> _EXERCISE REQUIREMENTS_
Somewhere below are a line with "harry maguire, manchester" and a later line with "Image 1: AIYAPLAY Kids Desk and Chair Set". Output exactly those lines and all lines between them.

Caption-style text data
= Beginning of Section =
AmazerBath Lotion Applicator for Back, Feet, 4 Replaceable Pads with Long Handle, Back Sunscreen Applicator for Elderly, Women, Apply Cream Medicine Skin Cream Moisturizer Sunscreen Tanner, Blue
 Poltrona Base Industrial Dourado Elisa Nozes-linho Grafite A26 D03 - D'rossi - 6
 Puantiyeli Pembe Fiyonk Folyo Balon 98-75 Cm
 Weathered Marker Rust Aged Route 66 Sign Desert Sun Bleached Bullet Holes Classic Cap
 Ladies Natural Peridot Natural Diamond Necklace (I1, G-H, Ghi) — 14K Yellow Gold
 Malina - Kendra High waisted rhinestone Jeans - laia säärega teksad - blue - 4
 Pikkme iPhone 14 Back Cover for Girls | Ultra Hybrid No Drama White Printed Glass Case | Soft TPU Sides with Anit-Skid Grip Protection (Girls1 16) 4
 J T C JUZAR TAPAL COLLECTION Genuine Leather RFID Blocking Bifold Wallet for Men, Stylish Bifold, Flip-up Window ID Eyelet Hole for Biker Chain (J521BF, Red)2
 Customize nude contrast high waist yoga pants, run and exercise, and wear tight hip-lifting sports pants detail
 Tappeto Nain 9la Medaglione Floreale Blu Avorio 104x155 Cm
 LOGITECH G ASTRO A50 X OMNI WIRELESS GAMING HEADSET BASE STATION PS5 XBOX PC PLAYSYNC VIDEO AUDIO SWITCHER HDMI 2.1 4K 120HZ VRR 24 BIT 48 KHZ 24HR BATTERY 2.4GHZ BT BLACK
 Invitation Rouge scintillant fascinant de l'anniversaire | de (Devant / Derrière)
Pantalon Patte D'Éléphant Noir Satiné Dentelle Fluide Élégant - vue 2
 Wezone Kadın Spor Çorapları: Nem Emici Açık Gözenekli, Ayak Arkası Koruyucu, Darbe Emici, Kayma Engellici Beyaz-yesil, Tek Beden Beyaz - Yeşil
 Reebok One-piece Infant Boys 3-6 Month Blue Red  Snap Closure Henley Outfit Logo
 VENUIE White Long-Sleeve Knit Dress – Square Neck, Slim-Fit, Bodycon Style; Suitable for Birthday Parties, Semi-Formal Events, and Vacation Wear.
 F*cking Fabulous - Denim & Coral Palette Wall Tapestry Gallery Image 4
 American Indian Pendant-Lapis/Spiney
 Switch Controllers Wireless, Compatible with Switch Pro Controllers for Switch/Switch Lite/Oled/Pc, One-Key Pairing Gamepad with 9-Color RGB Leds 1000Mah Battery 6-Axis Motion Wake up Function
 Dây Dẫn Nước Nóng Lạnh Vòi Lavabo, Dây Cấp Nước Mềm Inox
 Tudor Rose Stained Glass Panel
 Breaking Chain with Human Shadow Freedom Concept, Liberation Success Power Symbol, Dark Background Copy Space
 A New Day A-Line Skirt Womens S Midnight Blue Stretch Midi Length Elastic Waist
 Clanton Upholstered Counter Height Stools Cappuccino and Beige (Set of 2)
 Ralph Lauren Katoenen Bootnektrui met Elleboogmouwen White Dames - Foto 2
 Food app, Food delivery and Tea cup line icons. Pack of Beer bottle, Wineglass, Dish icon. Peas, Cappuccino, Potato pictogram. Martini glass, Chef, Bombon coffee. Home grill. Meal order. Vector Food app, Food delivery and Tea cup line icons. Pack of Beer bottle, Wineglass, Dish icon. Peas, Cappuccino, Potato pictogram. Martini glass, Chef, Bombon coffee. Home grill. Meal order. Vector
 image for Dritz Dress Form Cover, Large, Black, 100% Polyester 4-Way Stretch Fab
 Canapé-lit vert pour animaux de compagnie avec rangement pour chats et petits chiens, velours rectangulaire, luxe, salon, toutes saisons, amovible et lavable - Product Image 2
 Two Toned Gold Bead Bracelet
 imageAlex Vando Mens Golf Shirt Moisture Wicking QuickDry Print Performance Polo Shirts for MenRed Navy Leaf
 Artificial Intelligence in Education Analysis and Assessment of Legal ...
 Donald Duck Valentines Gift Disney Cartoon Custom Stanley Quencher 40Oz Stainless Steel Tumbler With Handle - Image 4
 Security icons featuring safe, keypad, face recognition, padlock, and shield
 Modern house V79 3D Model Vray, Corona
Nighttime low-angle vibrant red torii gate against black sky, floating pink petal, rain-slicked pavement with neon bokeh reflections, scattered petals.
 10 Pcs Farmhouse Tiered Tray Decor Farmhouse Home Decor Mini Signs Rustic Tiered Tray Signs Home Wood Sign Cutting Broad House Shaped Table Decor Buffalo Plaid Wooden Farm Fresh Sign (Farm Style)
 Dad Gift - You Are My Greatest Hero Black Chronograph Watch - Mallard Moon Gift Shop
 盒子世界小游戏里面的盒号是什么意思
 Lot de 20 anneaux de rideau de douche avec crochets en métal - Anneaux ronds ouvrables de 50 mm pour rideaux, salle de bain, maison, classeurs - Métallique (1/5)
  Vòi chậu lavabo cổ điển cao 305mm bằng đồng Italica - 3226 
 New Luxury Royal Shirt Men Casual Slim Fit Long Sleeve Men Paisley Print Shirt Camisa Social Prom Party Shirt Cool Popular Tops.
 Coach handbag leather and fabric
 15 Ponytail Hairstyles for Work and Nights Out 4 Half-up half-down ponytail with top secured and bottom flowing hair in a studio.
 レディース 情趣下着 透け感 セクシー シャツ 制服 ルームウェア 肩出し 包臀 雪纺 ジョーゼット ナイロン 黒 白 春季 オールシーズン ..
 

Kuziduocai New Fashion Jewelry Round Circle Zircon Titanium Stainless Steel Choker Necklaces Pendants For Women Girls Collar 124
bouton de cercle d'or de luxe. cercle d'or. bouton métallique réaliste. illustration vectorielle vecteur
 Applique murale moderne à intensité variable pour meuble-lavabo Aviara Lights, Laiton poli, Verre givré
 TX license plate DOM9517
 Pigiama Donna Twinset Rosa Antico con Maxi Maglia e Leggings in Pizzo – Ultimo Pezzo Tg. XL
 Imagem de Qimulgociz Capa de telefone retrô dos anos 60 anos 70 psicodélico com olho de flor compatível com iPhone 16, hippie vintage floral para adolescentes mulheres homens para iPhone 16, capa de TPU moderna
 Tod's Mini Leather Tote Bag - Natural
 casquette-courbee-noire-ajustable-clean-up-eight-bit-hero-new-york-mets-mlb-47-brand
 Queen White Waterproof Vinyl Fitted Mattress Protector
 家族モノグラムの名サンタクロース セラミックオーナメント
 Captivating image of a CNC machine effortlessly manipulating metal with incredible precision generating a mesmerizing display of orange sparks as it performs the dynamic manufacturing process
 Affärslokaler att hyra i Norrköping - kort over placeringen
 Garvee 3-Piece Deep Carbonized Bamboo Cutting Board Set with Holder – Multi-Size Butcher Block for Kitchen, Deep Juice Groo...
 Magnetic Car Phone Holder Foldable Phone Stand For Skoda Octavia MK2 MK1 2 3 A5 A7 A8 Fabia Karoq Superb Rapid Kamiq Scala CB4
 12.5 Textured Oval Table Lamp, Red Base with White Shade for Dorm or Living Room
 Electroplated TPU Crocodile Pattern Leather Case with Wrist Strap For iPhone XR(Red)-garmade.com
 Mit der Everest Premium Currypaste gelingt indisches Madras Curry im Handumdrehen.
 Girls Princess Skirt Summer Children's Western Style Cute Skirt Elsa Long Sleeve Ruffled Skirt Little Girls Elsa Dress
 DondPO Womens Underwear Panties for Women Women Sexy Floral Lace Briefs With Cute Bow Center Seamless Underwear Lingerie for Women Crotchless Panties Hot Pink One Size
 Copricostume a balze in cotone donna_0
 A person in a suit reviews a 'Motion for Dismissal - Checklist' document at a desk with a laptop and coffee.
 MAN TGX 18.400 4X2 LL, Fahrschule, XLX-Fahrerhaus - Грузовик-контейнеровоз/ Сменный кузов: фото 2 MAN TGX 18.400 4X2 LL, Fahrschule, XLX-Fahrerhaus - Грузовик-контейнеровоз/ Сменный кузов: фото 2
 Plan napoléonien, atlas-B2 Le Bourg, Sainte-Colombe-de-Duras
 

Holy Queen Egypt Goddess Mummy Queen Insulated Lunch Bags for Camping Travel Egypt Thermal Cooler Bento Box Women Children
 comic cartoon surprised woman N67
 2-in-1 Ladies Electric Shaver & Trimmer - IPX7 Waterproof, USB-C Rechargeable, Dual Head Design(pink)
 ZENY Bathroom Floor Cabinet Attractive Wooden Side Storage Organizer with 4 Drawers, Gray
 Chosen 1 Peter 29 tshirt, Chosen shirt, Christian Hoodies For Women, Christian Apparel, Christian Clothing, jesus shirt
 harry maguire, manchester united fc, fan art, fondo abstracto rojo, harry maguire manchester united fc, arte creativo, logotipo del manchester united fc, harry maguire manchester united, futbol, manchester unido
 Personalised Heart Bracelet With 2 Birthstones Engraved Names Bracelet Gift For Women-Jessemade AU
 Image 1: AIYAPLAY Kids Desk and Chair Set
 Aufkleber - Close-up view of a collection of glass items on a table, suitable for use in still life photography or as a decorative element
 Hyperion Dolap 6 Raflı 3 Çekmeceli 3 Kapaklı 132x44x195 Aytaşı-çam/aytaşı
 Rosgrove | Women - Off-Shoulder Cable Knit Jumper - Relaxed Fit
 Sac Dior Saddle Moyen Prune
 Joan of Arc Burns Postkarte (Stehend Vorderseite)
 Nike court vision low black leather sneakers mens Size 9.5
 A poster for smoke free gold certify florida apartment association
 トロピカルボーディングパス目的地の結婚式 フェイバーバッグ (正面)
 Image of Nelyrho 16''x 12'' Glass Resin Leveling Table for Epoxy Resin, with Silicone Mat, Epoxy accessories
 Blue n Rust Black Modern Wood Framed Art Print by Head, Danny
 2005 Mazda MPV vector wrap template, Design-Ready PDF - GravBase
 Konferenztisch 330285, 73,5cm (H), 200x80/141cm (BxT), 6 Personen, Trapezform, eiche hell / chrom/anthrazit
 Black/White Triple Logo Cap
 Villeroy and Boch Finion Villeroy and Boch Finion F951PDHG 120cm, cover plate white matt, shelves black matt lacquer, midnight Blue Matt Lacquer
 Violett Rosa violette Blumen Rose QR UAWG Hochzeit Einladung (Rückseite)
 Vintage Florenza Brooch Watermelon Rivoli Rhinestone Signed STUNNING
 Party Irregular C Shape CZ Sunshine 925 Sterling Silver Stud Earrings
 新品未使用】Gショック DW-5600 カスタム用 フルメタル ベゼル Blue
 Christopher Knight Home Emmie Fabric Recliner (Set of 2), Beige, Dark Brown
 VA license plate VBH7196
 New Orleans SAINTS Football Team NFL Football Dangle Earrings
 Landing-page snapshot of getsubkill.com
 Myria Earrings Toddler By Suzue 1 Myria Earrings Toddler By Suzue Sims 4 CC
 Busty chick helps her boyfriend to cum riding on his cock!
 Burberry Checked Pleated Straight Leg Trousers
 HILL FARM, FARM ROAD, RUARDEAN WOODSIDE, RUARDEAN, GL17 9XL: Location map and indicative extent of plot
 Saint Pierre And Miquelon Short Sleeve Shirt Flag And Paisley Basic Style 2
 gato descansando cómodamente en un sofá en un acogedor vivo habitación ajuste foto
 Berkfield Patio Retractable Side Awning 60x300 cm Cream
= End of Section =
> _TASK SOLUTION_
 harry maguire, manchester united fc, fan art, fondo abstracto rojo, harry maguire manchester united fc, arte creativo, logotipo del manchester united fc, harry maguire manchester united, futbol, manchester unido
 Personalised Heart Bracelet With 2 Birthstones Engraved Names Bracelet Gift For Women-Jessemade AU
 Image 1: AIYAPLAY Kids Desk and Chair Set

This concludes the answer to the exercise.